Should she cling to these ideas, Rousseff could confirm the tradition under which second mandates are always tougher than the first ones. The outlook does not make things easy for her. There is no doubt that she will have to deal with problems, such as the inevitable rise in energy charges and gasoline prices, which have been deliberately kept lower by the government. Inflation from controlled prices will come back in force in 2015 and should overtake the increase in freely-set prices, a development that has not occurred since 2009.

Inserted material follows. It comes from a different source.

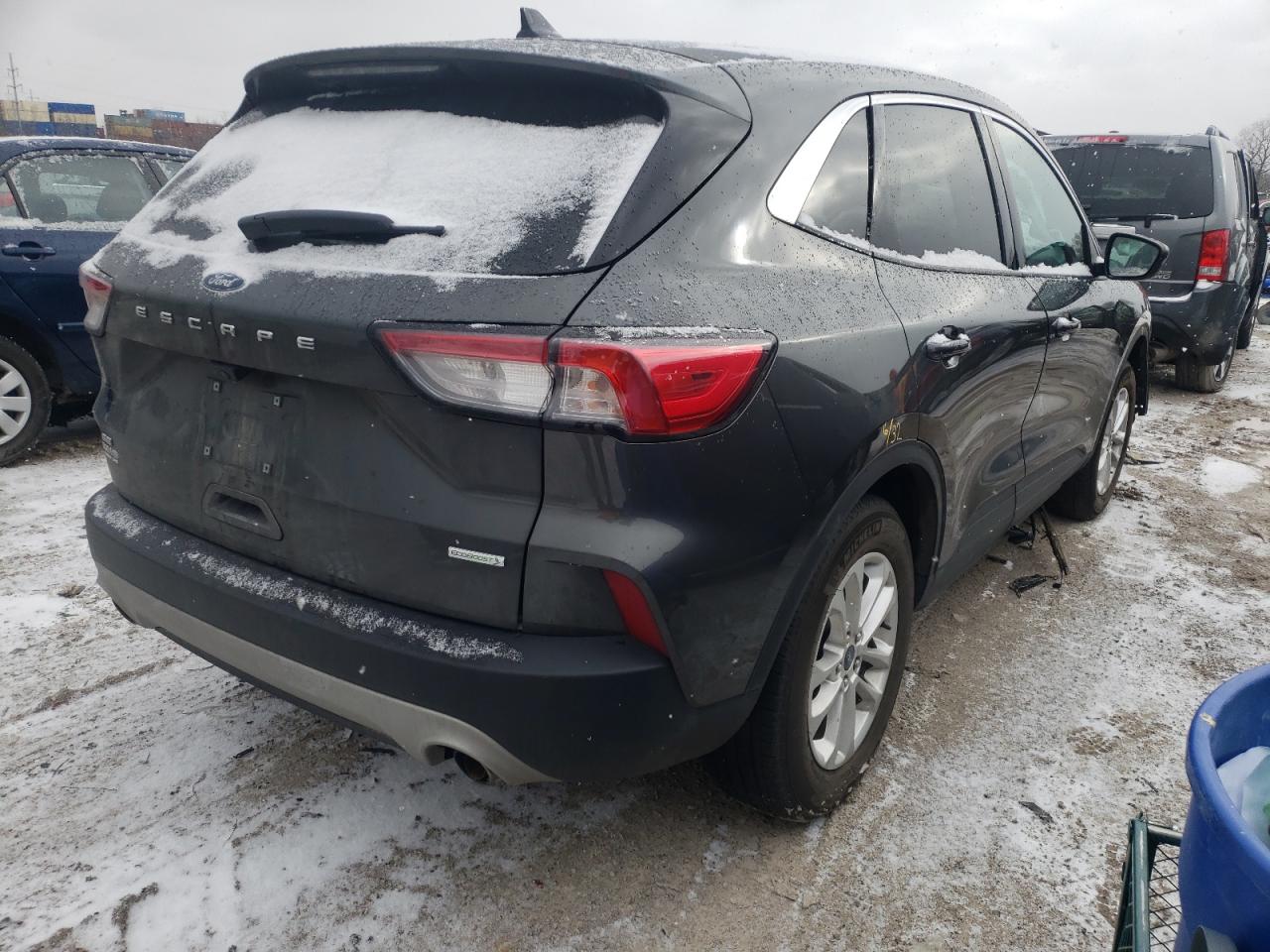 Photo 4 from auction – 2020 FORD ESCAPE SE with VIN 1FMCU0G65LUA51482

Opposition revived – The economic setbacks will be worsened by difficulties in Congress. Although the parties that formally supported Rousseff´s reelection have a majority in both Houses – 296 Congressmen and 53 Senators — the opposition has been dynamically reborn. A revived PSDB will join forces with a PSB that has reemerged from the ashes of its late candidate, Eduardo Campos, and have seven seats in the Senate and 34 in the House of Representatives. The opposition´s main beachhead will be the Senate where the government will not have the backing of one third of the members. The opposition benches will also have heavyweight representatives, such as the former PSDB governors José Serra (São Paulo), Antonio Anastasia (Minas Gerais) and Tasso Jereissati (Ceará), Congressman Ronaldo Caiado (DEM-Goias) and Rousseff´s own adversary in the final round of the election, Aécio Neves (PSDB). The PT and PMDB will remain the largest grouping in the House of Representatives but with a smaller contingent than after the election in 2010.One new feature of the results was the great breadth of Congressmen elected by parties that will form a large “central block” – such as the PSD, Pros, PR, PTB and PSC, for example. These could vote in line with the government´s interests but their loyalty is not automatic and they are likely to start bargaining for positions within the administrative machine. Another factor is that the Rousseff government will become even more dependent on the PMDB in both Houses as the party will have, for example, 18 Senators and retain the chairmanship of the Senate and the House of Representatives. In this latter case, the likely victory of Congressman Eduardo Cunha (PMDB-Rio de Janeiro) to command the House should be another headache for Rousseff. This is because Cunha was one of the leaders of the rebellions among the government´s allied base during her first mandate. Cunha is set to replace another PMDB member who is unhappy with the PT, Henrique Eduardo Alves. He blamed Lula´s support for the rise of his adversary in the dispute for the governorship of Rio Grande do Norte state, Robinson Faria of the PSD.

Dilma Rousseff triumphed at the ballot station, winning the votes of 54.4 million Brazilian. It is in everyone´s interest that, rather than become bogged down in an international crisis and revive the division between the “rich and poor”, her new government makes the country advance. Let´s hope that she knows how to — and can — exercise a second mandate that matches Brazil´s potential.